Desakan serupa juga datang dari para aktivis hak asasi manusia (HAM) di Papua, yakni Koalisi Pembela Hak Asasi Manusia, yang merupakan gabungan dari Kontras, Aliansi Demokrasi untuk Papua, Komnas HAM Papua, Lembaga Bantuan Hukum, dan beberapa organisasi pekerja HAM lainnya.

Koordinator Kontras Papua, Olga Hamadi, didampingi Wakil Komnas HAM Papua Matius Murib, Jusman dari ALDP, Penias Lokbere, Konores, dan beberapa aktivis lainnya, meminta agar kasus itu segera diungkapkan hingga tuntas.

Pekerja HAM juga mengingatkan agar aparat keamanan menggunakan cara-cara profesional dalam penuntasan pengusutan kasus Nafri tersebut.

Jusman dari ALDP mengatakan, pengerahan 300 personel gabungan TNI/Polri menyisir lokasi bukanlah menunjukkan sikap tidak profesional.
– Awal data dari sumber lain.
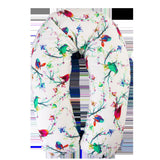 0101 Възглавница За Кърмене Relax Трико -46 - Възглавници За Кърмене - Baby Matex - BebeMama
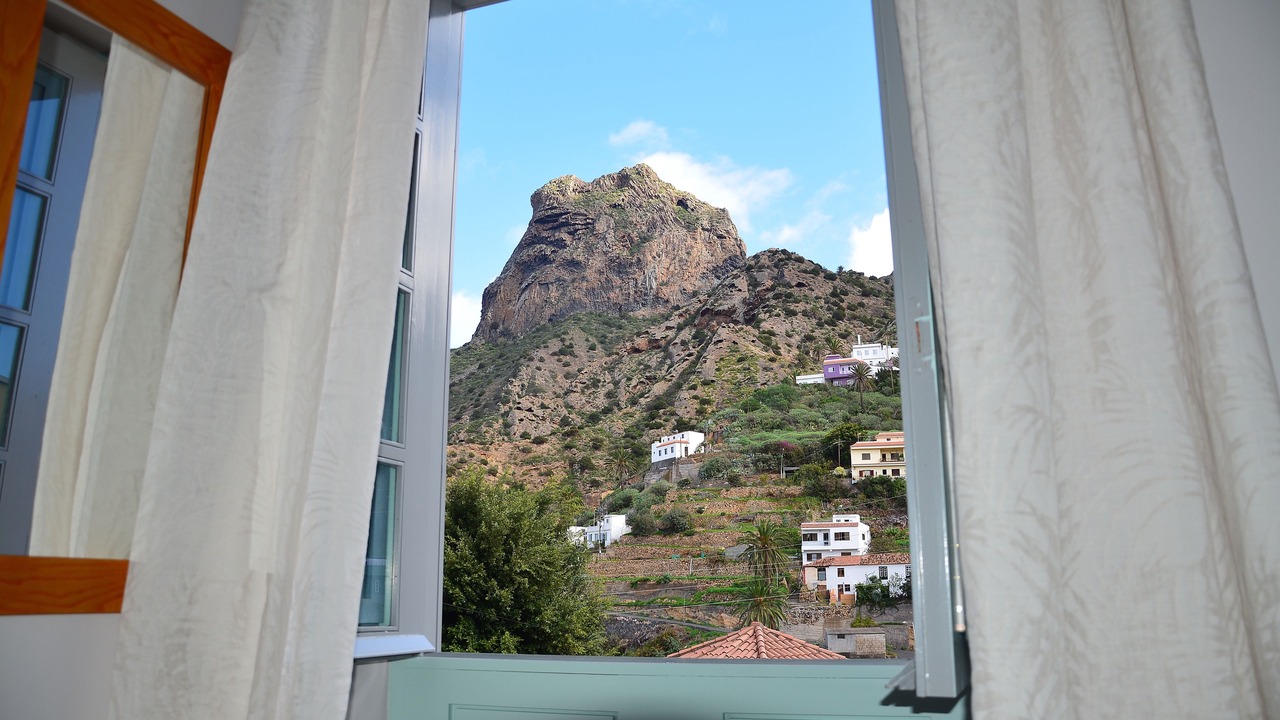 Photo of Bedroom in Vallehermoso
Hanya, hal itu dianggap terlalu berlebihan di tengah situasi yang bukan darurat militer. Terlebih lagi, masyarakat setempat yang juga sebagai petani di perbukitan tempat penyisiran menjadi kurang nyaman beraktivitas.

"Aparat dalam kinerjanya juga harus peka terhadap kebudayaan asli di sini. Masyarakat sipil kadang jalan membawa parang serta busur dan anak panah. Jangan sampai salah mengambil sikap sehingga memperburuk citranya, seperti yang pernah terjadi," ujar Jusman.

"Kami juga akan membentuk tim investigasi terkait kasus ini," kata Matius Murib.

Ibarat kata, seluruh masyarakat Papua yang terkenal dengan istilah "Tanah Damai" saat ini sungguh "Menanti Ujung Tabir Teror Jayapura" dan berharap damai selalu dalam kehidupannya.